▼▼▼

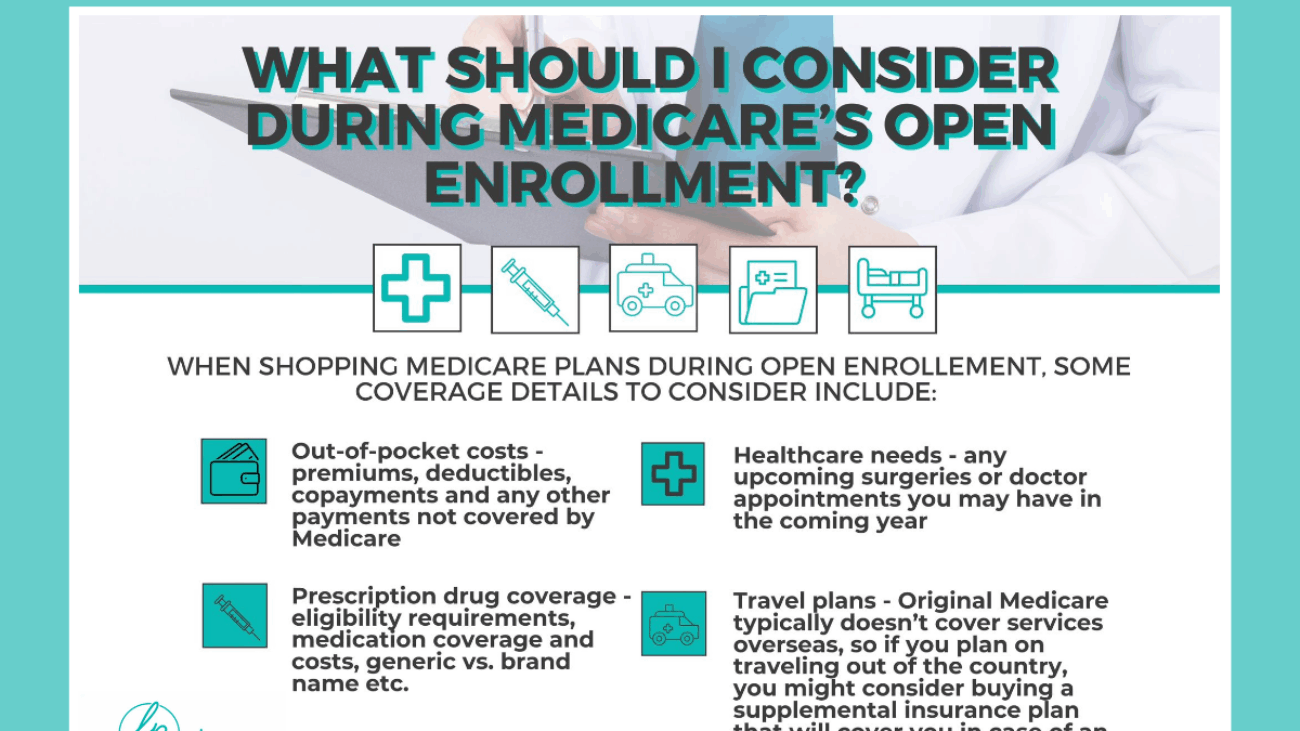 Medicare Open Enrollment Cape Coral - LP Insurance Solutions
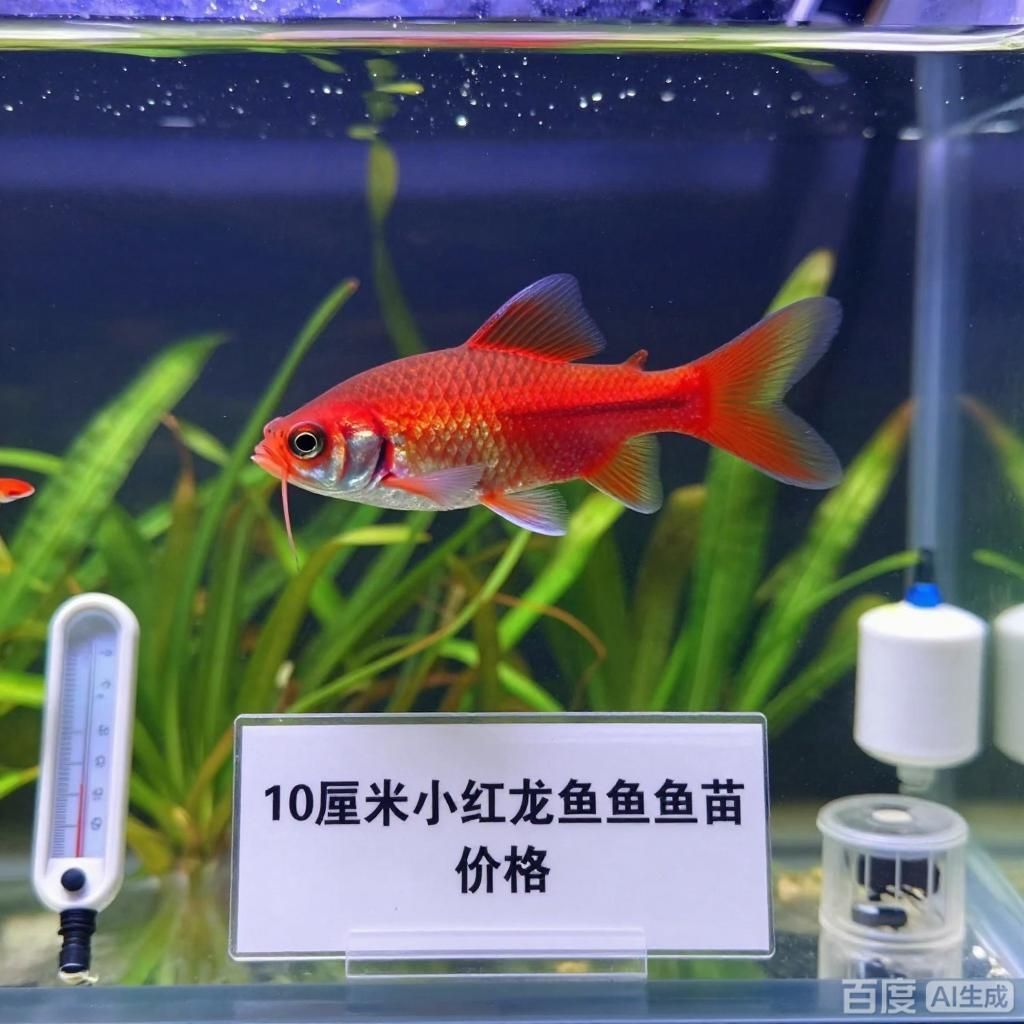 10厘米小紅龍魚(yú)魚(yú)苗價(jià)格，10厘米小紅龍魚(yú)魚(yú)苗價(jià)格四張圖均圍繞10厘米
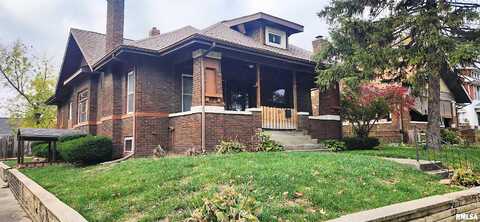 2075 S 5TH Street, Springfield, IL 62703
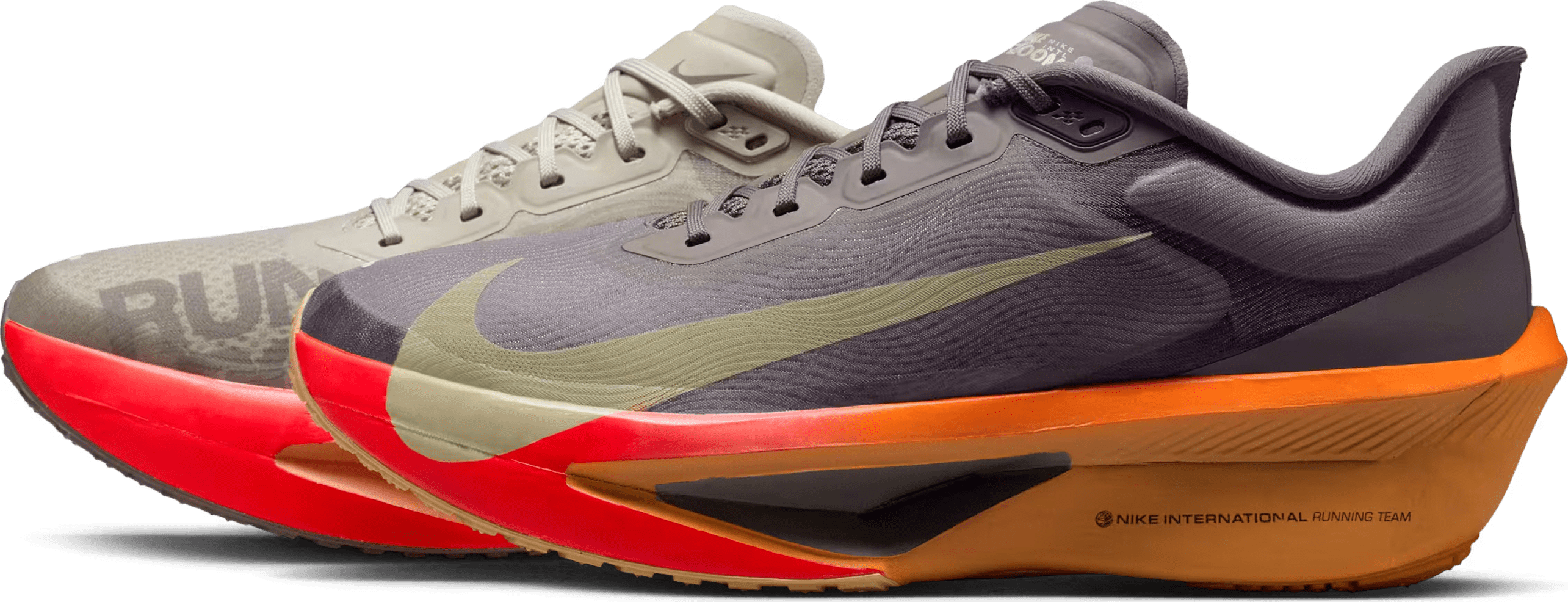 Nike Zoom Fly 6 Running Poets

▲▲▲

### Work instruction
Exactly and only the lines from the one holding "10厘米小紅龍魚(yú)魚(yú)苗價(jià)格，10" through the final line of the material must be returned, both ends included, without any pictures.

### Answer to this exercise
 10厘米小紅龍魚(yú)魚(yú)苗價(jià)格，10厘米小紅龍魚(yú)魚(yú)苗價(jià)格四張圖均圍繞10厘米
 2075 S 5TH Street, Springfield, IL 62703
 Nike Zoom Fly 6 Running Poets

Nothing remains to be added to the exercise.